(I-II) C’est par leur unité que les êtres sont ce que comporte leur essence. Ils participent plus ou moins de l’unité selon qu’ils participent plus ou moins de l’être. Ainsi l’âme possède un plus haut degré d’unité que le corps; cependant elle n’est pas l’Un absolu, parce que l’unité de son être renferme une pluralité d’éléments. L’Être universel et l’Intelligence ne sont pas non plus l’Un absolu pour la même raison.
(III-IV) L’âme est embarrassée de déterminer la nature de l’Un parce qu’il n’a point de l’orme. Pour s’élever à l’Un, il faut concevoir qu’il est le Premier, le Bien, le Principe par excellence, supérieur à l’Être et à l’Intelligence, véritablement ineffable; il faut renoncer à la science, à la pensée même et se réduire à l’unité. Alors seulement on peut voir l’Un autant qu’il est visible et le saisir par une espèce de contact.
(V-VI) Ainsi l’Un est au-dessus de l’Intelligence; il est le principe parfaitement simple de tous les êtres; il les engendre tout en demeurant en lui-même, et c’est par eux surtout qu’il est connu. En lui-même, il est indivisible et infini par sa puissance. Il est absolu en ce qu’il n’a besoin de rien, ni pour exister, puisqu’il est la cause des autres êtres, ni pour avoir un fondement, puisque toutes choses sont édifiées sur lui, ni pour être heureux, puisqu’il n’aspire à rien, qu’il est le Bien d’une manière transcendante.

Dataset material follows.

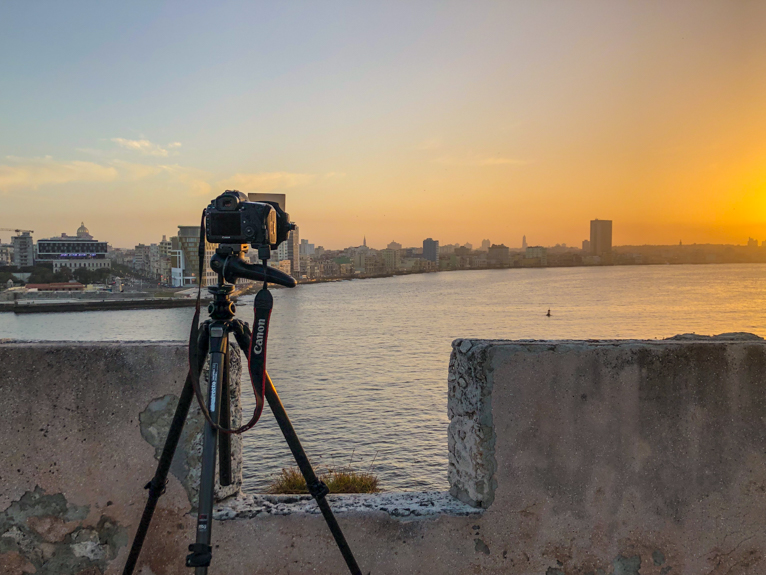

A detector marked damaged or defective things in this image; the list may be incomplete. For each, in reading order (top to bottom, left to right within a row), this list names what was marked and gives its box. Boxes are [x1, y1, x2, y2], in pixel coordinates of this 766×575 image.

cracked concrete edge [213, 490, 484, 520]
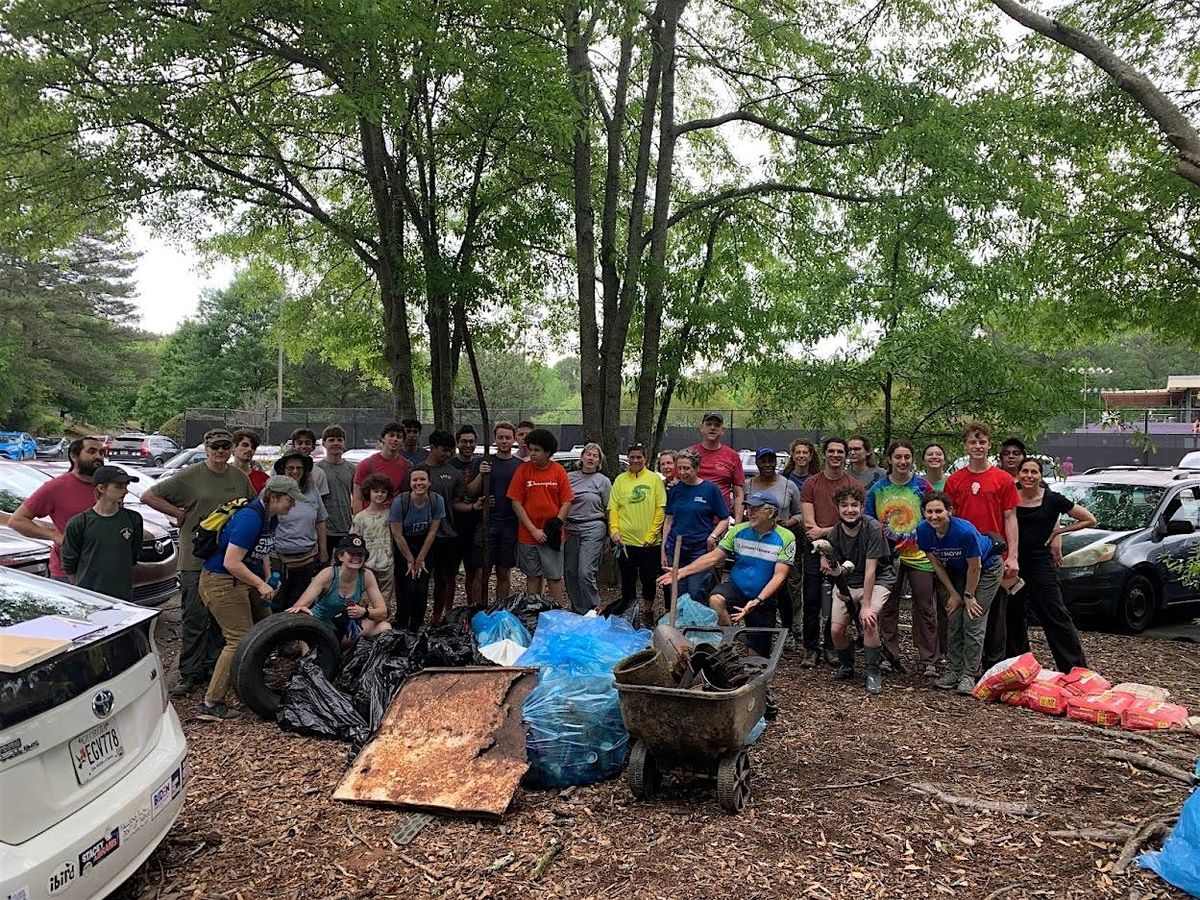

(VII-VIII) Pour s’unir à l’Un, il faut que l’âme soit dégagée de toute forme, qu’elle devienne étrangère à tout le reste. Alors elle pourra jouir du commerce de Dieu, parce qu’il est présent à tous les êtres dès qu’ils se tournent vers lui et qu’ils s’approchent de leur centre. L’union de l’âme avec l’Un s’opère en vertu de la parenté qui les unit: car, lorsque nous contemplons l’Un, nous atteignons le but de nos vœux et nous jouissons du repos, parce que nous formons autour de lui un chœur divin.
(IX) Nous ne sommes pas séparés de l’Un, puisque c’est en lui que nous respirons et que nous subsistons. La vie véritable est l’acte intellectuel qui nous fait saisir Dieu par une sorte de tact silencieux. C’est en lui qu’est notre principe et notre fin, comme l’enseigne le mythe de l’Amour et de Psyché : les affections mortelles ne s’adressent qu’à des fantômes; là haut est l’objet véritable de l’amour. Quiconque le possède vit d’une autre vie et jouit de la félicité suprême.
(X) Si l’âme qui s’est élevée là-haut n’y demeure pas, c’est qu’elle n’est pas encore complètement détachée des choses d’ici-bas, qu’elle se trouve encore LII troublée par les passions du corps, qu’elle s’applique encore à la science qui consiste dans des raisonnements. Ce qui voit Dieu en effet, ce n’est pas la raison, mais quelque chose de supérieur à la raison, puisque, pour voir Dieu, il faut s’identifier avec lui.
(XI) Cet état est vraiment ineffable. Celui qui s’y trouve devient étranger aux passions, à la pensée même; il oublie sa propre personnalité dans l’enthousiasme qui le ravit. Il ne s’occupe même plus de la beauté des intelligibles, et il dépasse le chœur des vertus. C’est ainsi que l’initié qui pénètre dans le sanctuaire laisse derrière lui les statues placées dans le temple, et entre en communication intime avec la Divinité. Quand l’âme jouit de la vue véritable de ce qui est dans le sanctuaire, elle est plongée dans le ravissement. Celui qui se voit ainsi devenu Dieu a en lui-même une image de Dieu. Telle est la vie des dieux ; telle est aussi celle des hommes bienheureux.